Obaidullah A.J. Alanazi M.M. Alsaif N.A. Albassam H. Almehizia A.A. Alqahtani A.M. Mahmud S. Sami S.A. Emran T.B.

Abstract


Coronavirus disease 2019 (COVID-19) is caused by severe acute respiratory syndrome coronavirus 2 (SARSCoV- 2), resulting in a contagious respiratory tract infection that has become a global burden since the end of 2019. Notably, fewer patients infected with SARS-CoV-2 progress from acute disease onset to death compared with the progression rate associated with two other coronaviruses, SARS-CoV and Middle East respiratory syndrome coronavirus (MERS-CoV). Several research organizations and pharmaceutical industries have attempted to develop successful vaccine candidates for the prevention of COVID-19. However, increasing evidence indicates that the SARS-CoV-2 genome undergoes frequent mutation; thus, an adequate analysis of the viral strain remains necessary to construct effective vaccines. The current study attempted to design a multi-epitope vaccine by utilizing an approach based on the SARSCoV- 2 structural proteins. We predicted the antigenic T- and B-lymphocyte responses to four structural proteins after screening all structural proteins according to specific characteristics. The predicted epitopes were combined using suitable adjuvants and linkers, and a secondary structure profile indicated that the vaccine shared similar properties with the native protein. Importantly, the molecular docking analysis and molecular dynamics simulations revealed that the constructed vaccine possessed a high affinity for toll-like receptor 4 (TLR4).
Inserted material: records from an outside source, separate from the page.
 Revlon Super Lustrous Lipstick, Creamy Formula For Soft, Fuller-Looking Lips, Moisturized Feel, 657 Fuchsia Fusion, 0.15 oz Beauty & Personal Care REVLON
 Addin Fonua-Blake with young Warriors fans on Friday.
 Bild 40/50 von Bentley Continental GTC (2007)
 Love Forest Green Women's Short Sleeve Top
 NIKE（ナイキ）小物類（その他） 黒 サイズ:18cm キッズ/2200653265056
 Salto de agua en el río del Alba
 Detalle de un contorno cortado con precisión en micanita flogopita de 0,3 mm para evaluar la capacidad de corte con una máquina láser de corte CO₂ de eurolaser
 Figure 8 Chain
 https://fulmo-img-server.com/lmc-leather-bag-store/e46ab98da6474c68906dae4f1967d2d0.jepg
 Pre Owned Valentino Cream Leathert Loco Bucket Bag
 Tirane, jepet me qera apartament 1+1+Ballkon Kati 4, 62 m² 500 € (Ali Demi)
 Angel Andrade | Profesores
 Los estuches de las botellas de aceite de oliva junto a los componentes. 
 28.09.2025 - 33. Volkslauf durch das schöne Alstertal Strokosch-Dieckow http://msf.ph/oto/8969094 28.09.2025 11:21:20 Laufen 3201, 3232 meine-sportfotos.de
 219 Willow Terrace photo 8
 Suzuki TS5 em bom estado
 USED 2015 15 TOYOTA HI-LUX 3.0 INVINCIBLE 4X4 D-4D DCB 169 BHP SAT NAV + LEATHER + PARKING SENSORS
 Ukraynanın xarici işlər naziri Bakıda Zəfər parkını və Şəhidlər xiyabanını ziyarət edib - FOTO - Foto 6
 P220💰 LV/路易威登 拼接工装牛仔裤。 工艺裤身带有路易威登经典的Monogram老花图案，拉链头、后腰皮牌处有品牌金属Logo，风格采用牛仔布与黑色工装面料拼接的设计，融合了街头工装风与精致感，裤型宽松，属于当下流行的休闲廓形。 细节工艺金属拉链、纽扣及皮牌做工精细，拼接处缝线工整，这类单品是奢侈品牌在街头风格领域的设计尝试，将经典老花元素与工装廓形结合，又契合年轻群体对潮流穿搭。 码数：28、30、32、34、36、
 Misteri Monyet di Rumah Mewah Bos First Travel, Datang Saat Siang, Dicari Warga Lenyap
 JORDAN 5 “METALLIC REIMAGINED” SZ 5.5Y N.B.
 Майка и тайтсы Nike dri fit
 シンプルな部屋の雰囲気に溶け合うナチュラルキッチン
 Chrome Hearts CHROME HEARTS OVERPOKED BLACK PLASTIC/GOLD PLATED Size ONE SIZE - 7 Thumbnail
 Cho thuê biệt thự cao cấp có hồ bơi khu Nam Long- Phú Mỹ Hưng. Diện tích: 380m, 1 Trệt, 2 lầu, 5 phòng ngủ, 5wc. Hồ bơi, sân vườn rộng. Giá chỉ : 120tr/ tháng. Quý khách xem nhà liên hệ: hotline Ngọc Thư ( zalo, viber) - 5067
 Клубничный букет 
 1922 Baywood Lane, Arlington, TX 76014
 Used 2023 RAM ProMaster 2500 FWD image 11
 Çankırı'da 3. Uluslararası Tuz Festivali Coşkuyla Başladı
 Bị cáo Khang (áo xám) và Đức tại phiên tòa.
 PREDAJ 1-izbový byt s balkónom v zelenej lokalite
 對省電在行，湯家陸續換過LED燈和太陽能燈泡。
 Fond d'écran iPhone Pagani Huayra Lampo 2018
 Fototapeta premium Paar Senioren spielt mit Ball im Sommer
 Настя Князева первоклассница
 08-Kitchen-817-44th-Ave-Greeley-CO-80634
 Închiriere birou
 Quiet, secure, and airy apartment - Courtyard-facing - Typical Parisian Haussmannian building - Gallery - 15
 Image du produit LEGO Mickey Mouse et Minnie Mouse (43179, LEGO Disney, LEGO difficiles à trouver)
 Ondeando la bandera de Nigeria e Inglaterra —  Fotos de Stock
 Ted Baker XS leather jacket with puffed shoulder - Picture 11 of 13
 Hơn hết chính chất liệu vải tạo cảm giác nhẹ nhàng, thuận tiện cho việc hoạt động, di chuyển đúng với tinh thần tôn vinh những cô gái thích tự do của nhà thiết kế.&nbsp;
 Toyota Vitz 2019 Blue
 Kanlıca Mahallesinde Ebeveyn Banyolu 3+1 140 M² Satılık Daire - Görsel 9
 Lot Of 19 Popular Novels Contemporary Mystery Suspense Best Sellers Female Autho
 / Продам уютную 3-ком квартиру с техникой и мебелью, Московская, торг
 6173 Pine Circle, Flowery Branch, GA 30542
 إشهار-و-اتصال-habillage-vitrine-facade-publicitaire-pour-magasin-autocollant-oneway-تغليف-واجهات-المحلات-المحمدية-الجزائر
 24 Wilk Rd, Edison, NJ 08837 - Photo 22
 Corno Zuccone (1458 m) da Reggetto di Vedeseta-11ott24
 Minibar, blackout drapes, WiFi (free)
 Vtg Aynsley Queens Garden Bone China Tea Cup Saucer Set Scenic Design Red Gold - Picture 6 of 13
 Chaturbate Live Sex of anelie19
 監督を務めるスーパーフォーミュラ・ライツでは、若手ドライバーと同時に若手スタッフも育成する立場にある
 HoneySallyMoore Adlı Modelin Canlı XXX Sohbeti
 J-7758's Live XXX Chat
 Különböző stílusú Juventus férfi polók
In addition, multiple descriptors were obtained from the simulation trajectories, including the root-mean-square deviation (RMSD), root-mean-square fluctuation (RMSF), solvent-accessible surface area (SASA), and radius of gyration (Rg), demonstrating the rigid nature and inflexibility of the vaccine and receptor molecules. In addition, codon optimization, based on Escherichia coli K12, was used to determine the GC content and the codon adaptation index (CAI) value, which further followed for the incorporation into the cloning vector pET28+(a). Collectively, these findings suggested that the constructed vaccine could be used to modulate the immune reaction against SARSCoV- 2.